Mas, em oposição, o setor nacionalista pró-guerra “está finalmente satisfeito com esta decisão”. “Estas pessoas estão em profunda divergência com Putin desde 2014, porque sempre entenderam que Putin foi demasiado tímido desde essa altura com a questão ucraniana.”
Este grupo “sempre entendeu que a Rússia devia ter sido muito mais violenta e usado muito mais meios para, de facto, conquistar a Ucrânia ou, no mínimo, conquistar os territórios que vão de Kharkiv até Odessa.

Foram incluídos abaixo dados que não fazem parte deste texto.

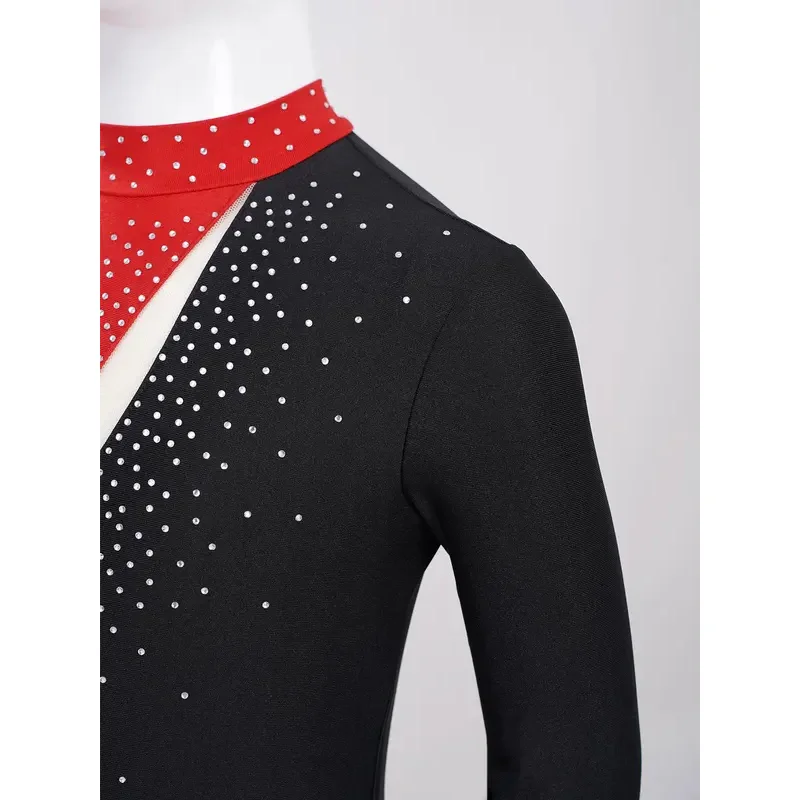 Kids Meisjes Strass Gymnastiek Ballet Turnpakje Lange Mouw Jumpsuit Kunstschaatsen Podiumwedstrijd Bodysuit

Esse setor foi sempre extremamente crítico das opções que Putin tomou, porque de facto sabia - e muitos deles são ex-militares e agentes secretos - que com a força que invadiu a Ucrânia não seria possível a partir de certa altura concretizar essa ambição.”
Contudo, esta aproximação tem um custo que já está a ser pago e que terá “consequências desastrosas para o futuro da Rússia”.
“Isto é uma tragédia para a geração mais nova da Rússia e será uma perda enorme de talento para o futuro da Rússia. As pessoas mais talentosas, educadas e criativas já saíram da Rússia desde o início da guerra. Essa geração sabe que não voltará, pelo menos enquanto Putin liderar o país.
Opinião pública estará atenta ao tratamento que os reservistas mobilizados receberem
A somar a tudo isto, Miguel Monjardino destaca um outro fator que pesará na opinião pública russa. No seu discurso, o Presidente da Rússia prometeu que nenhum dos reservistas mobilizados irá combater sem treino ou fora do território russo.
Mas mesmo esta promessa levanta várias dúvidas. Em primeiro lugar, ao apoiar os referendos à anexação, Putin está a dizer que em breve considerará algumas regiões da Ucrânia como parte integrante da Rússia. Poderão, então, os reservistas ser destacados para estas zonas?
Não seria inédito o Presidente russo prometer não enviar certos grupos das Forças Armadas para a frente de combate e acabar por fazê-lo. Aconteceu com os soldados que assinaram contratos anuais com o exército russo e que estão atualmente na Ucrânia.
Por outro lado, há a questão do treino que estes militares vão receber. Entre 2009 e 2019, tal como foi a tendência predominante na maioria dos países, a Rússia preteriu um grande exército e investiu num exército especializado, profissionalizado e muito bem equipado. Isto faz com que a Rússia não tenha atualmente a capacidade logística e institucional para uma mobilização em larga escala, deixando dúvidas sobre quem vai treinar os recrutas e em que circunstâncias.
“Com o número de baixas que devem ter sofrido e com as perdas de equipamento que de facto tiveram, é muito difícil reconstituir rapidamente esta força”, explica o cronista do Expresso.
A alternativa poderá ser enviar os reservistas para o terreno sem a devida formação e equipamento, o que começa a parecer provável, visto que nas últimas horas começaram a surgir vídeos nas redes sociais que mostram oficiais a informar os recrutas de que serão sujeitos a duas semanas e meia de treino.
Esta opção também não seria inédita nesta guerra. Como recordou o general Isidro Pereira em entrevista ao Expresso, o Terceiro Corpo do Exército, constituído sobretudo por voluntários, foi enviado para o terreno sem o treino apropriado. Uma parte foi estacionada em Kharkiv (Carcóvia) e tornou-se nas últimas semanas “presa fácil” para as tropas ucranianas.
Contudo, desta vez, até alguns comentadores russos mostraram preocupação sobre a preparação das tropas. Nos últimos dias foram vários os casos de convidados televisivos a questionar a capacidade industrial da Rússia para se rearmar e a criticar que os novos recrutas não podem receber “capacetes de ferro de 1941”.